Already compiled packages are available here:
http://people.freebsd.org/~ivoras/wine/

Probably this patch still needs some work.
But the main question (in case if it work), what are the steps to include it into ports for amd64?
Or to create separate port wine-amd64?


----------



## SirDice (Oct 26, 2010)

kenorb said:
			
		

> I'm requesting to add wine support for amd64, as amd64 patches already exists.
> Is this is the right place to do it?


Nope. This is a user driven forum.

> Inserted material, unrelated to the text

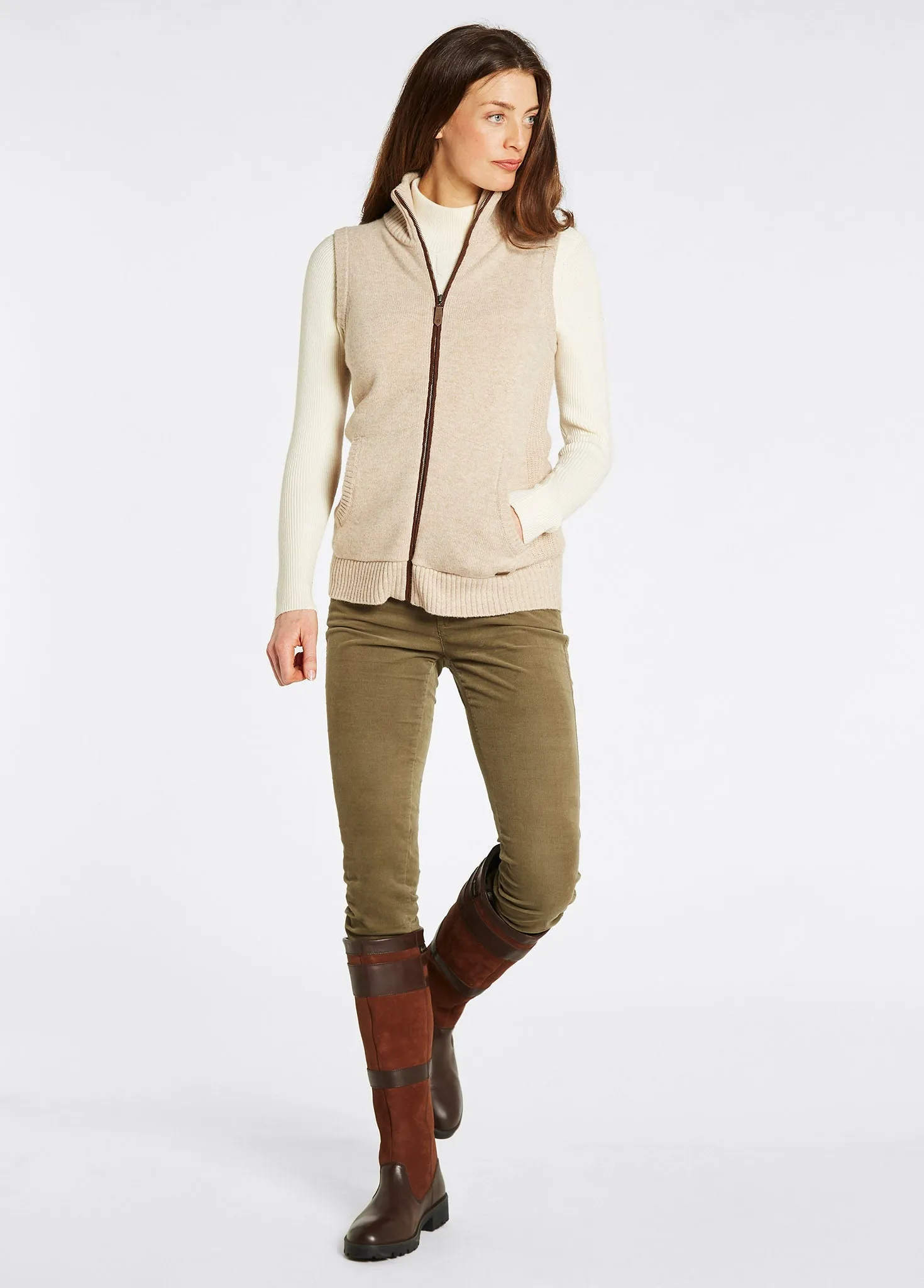 AntiStatic Finish Sheedy Bodywarmer - Oat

Submitting a PR or contacting the freebsd-ports mailinglist would be the correct way.



> But the main question (in case if it work), what are the steps to include it into ports for amd64?

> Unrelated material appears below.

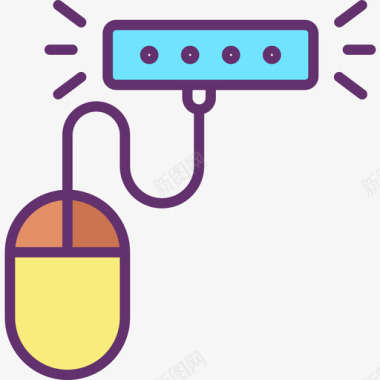 公共标识安全密码安全14线性颜色图标图标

There is no separate ports tree for amd64. So the port must be able to apply the patch based on the architecture.


----------



## kenorb (Oct 27, 2010)

This information could be useful:



			
				David.N said:
			
		

> The port needs to be built in an i386 environment.  FreeBSD currently does not
> have support for cross building (without building a custom compiler).  Even in
> that case many dependant ports will need to be built.  This makes the build
> process rather unclean.
> ...





			
				David said:
			
		

> The correct way to build the port would be (with a clean ports environment):
> 
> # cd /usr/ports/emulators
> # patch -sp0 < /path/to/wine-fbsd64.diff
> ...


----------



## vermaden (Oct 27, 2010)

@kenorb

You should contact with WINE *maintainer* and CC that message to *lists.freebsd.org* (stable/current/ports).


----------



## DutchDaemon (Nov 17, 2010)

This topic has been closed. Issues as technical or detailed as this should not be discussed in general user-oriented forums like The FreeBSD Forums. These forums are intended for end-user support with installing and/or running FreeBSD and/or applications from the ports tree, not for routinely resolving low-level problems with the operating system or add-on applications. Developers and port maintainers usually do not spend much time here, and we routinely refer technically detailed questions to them.

Consider opening this topic elsewhere, e.g.:

In the case of *the FreeBSD base system*:

1) by posting to one of the relevant mailing lists
2) by opening a bug report

In the case of *ported applications*:

1) by contacting the port maintainer (run make maintainer in the port directory)
2) by opening a bug report


----------